== Directions for this task ==
Print every entry below again exactly as written, skipping the pictures.

== Materials provided ==

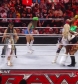 WWE_Raw_10_31_11_720p_AC3_5_1_x264_mkv_000370320.jpg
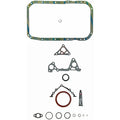 Fel-Pro auto part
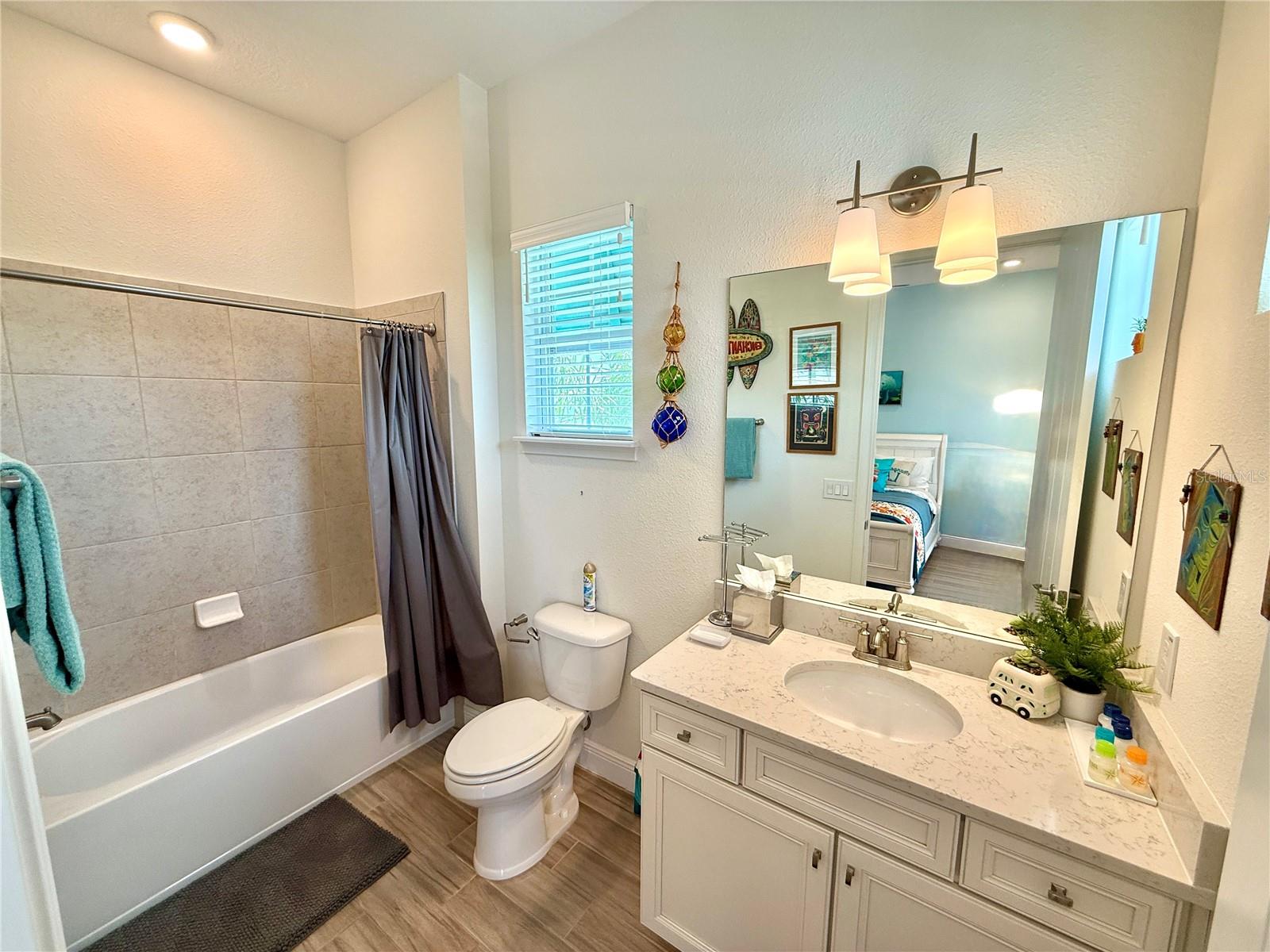 Image 26 of 73 For 3001 Latitude Lane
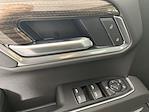 2025 Chevrolet Silverado 1500 Crew Cab 4x4 Pickup for sale #T15215 - photo 58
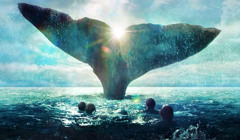 ТОП-15 фільмів про море на реальних подіях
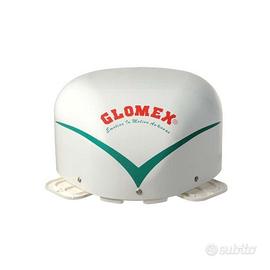 Antenna glomex Explorer s460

== Completed exercise ==
 WWE_Raw_10_31_11_720p_AC3_5_1_x264_mkv_000370320.jpg
 Fel-Pro auto part
 Image 26 of 73 For 3001 Latitude Lane
 2025 Chevrolet Silverado 1500 Crew Cab 4x4 Pickup for sale #T15215 - photo 58
 ТОП-15 фільмів про море на реальних подіях
 Antenna glomex Explorer s460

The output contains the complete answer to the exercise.